Grum was earning its operators nearly $3 million a year for pushing drug ads, but far more impressive were the indirect costs it imposed: it was believed responsible for nearly 20 percent of the world’s spam, which researchers at Microsoft and Google say costs the world $20 billion a year on things like e-mail filtering and storage.

The case of Grum is unusual in that the finances of spam are relatively well understood, making it possible to do a cost-benefit analysis of actions taken to stop it. That’s not the case with other threats, such as data breaches that feed personal information to the black market.

Although it’s clear that cybercrime imposes real and sizable costs on society, fine-grained data is generally hard to come by.

“Many of the private-sector reports are basically marketing brochures from organizations with a strong interest in scaremongering,” says Ross Anderson, a professor of security engineering at the University of Cambridge.

Ross Anderson

And law enforcement agencies and police don’t have good statistics on the incidence and costs of cybercrime because they have not updated their operations for the Internet era as well as criminals have, he says. A European Union research project recently concluded that a lack of clear figures on costs was preventing companies as well as governments and law enforcement from making good decisions about security.

“If data is patchy or unverifiable, then it is likely that businesses will either waste money or not spend any at all, leaving themselves and consumers vulnerable to attack,” says Jart Armin, a founder of the security company CyberDefcon, who is involved with the CyberROAD project behind the E.U. report.

Anderson and colleagues at Cambridge are in the process of setting up a new research center that could help clear up that confusion.
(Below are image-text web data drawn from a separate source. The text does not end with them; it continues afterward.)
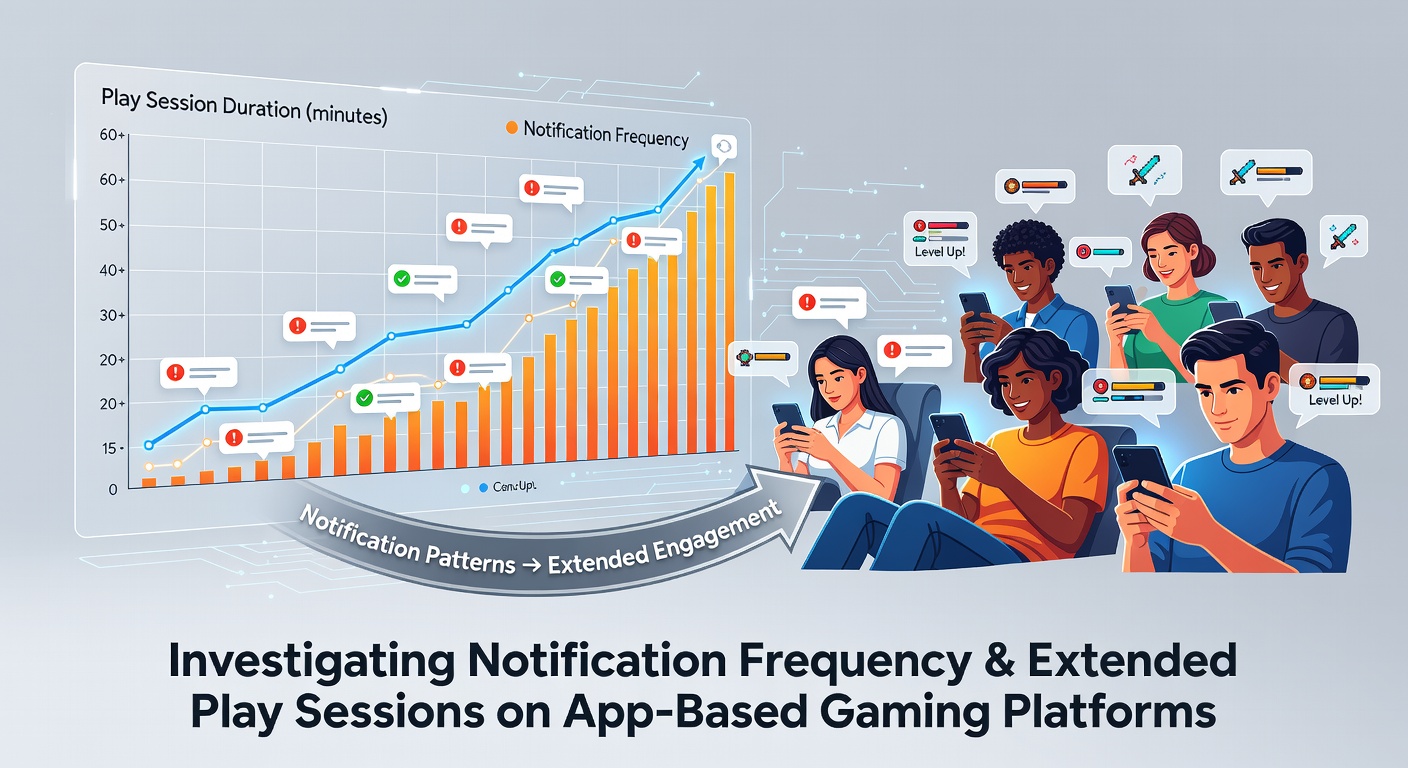 Data visualization of notification frequency patterns correlated with extended play session lengths on mobile gaming platforms
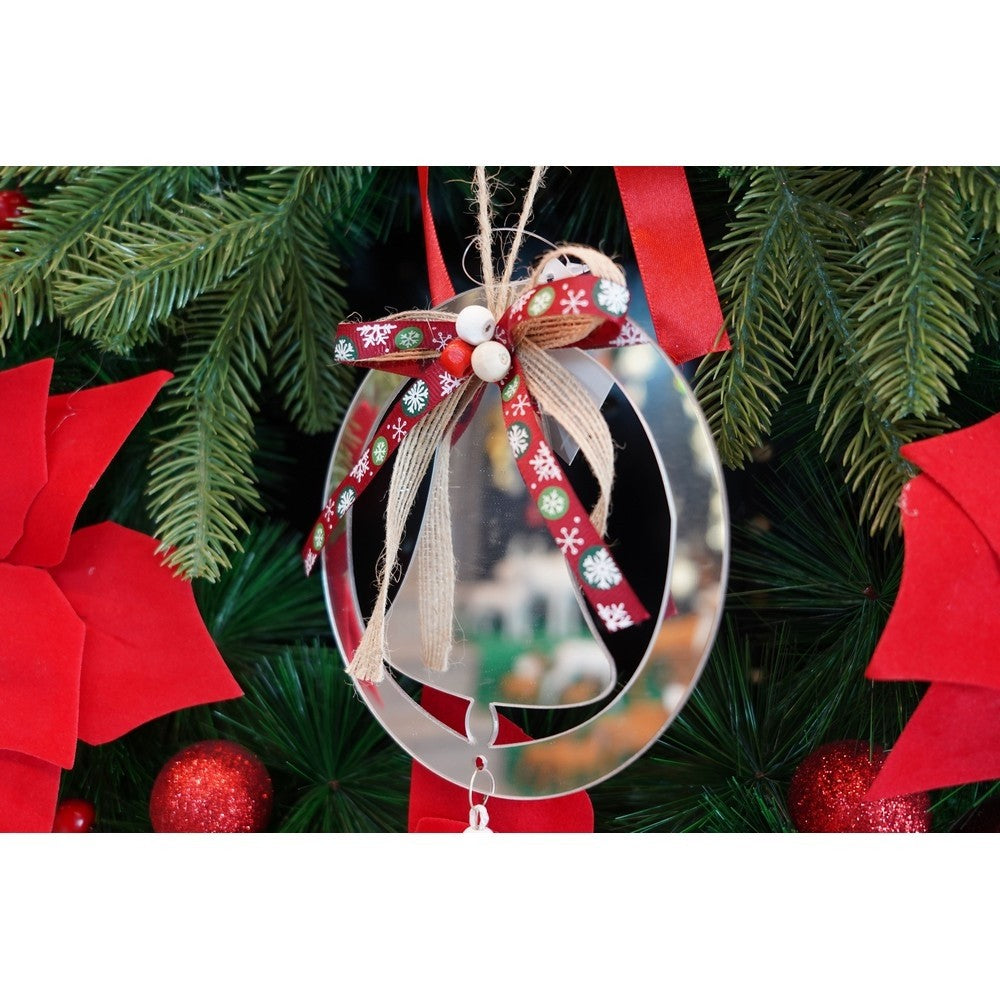 Ornament brad, Clopotel, Argintiu, Lucios, 14*26CM, Acril, Interior/ Exterior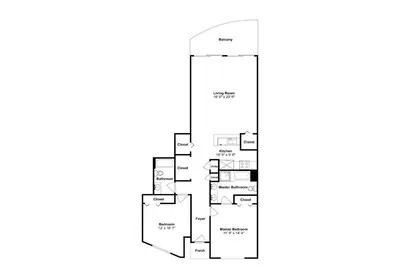 a rendering of a floor plan of a house at Aqua 404 in Panama City Beach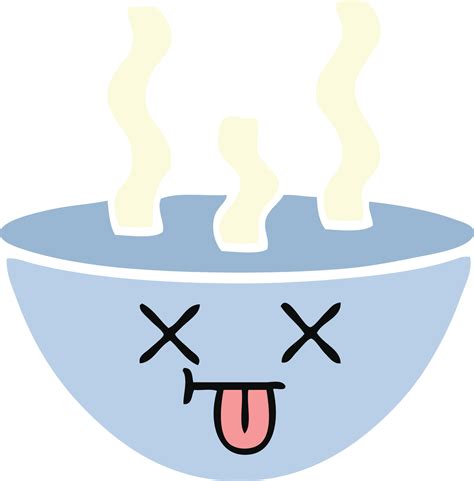 Flat Color Retro Cartoon Bowl Of Hot Soup 11760532 Vector Art At Vecteezy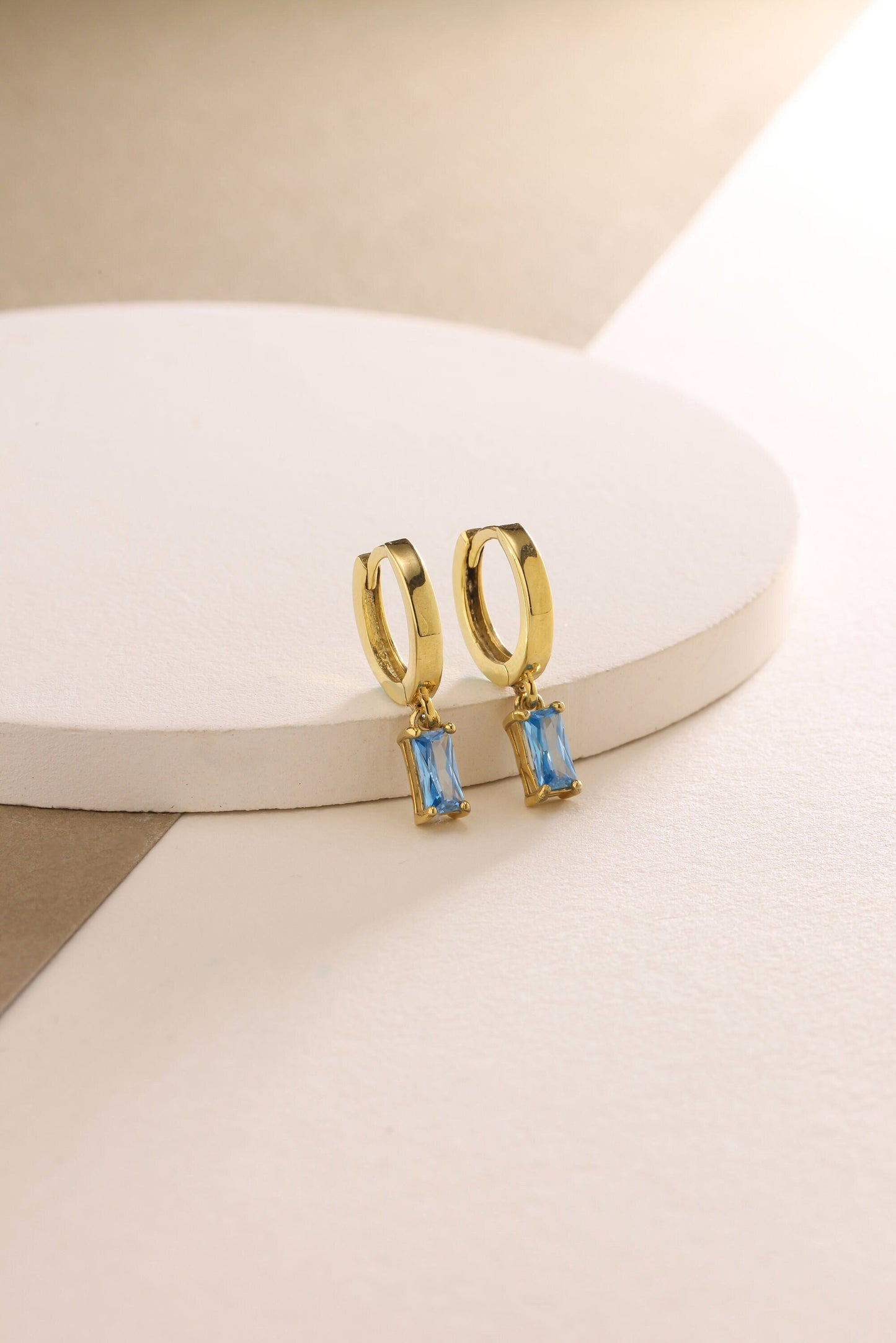Baguette Birthstone Hoop Earrings: 925 Sterling Silver, Dainty Huggie Earrings
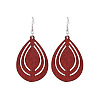 Hollow Out Teardrop Wood Dangle Earrings FS-WG5AC87-08-1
The Cambridge Cloud Cybercrime Center will operate as a kind of clearinghouse for data from major companies—data that can be mined to discover the patterns of criminal activity. “We’ve got to be able to measure cybercrime to be effective in doing anything about it,” says Anderson.

Talks are under way with Google, Yahoo, and others interested in donating data.

“For the first time we’re going to be able to look at stuff at scale,” says Anderson. He hopes that the new resource will produce insights into the patterns and costs of cybercrime that could allow far more informed responses.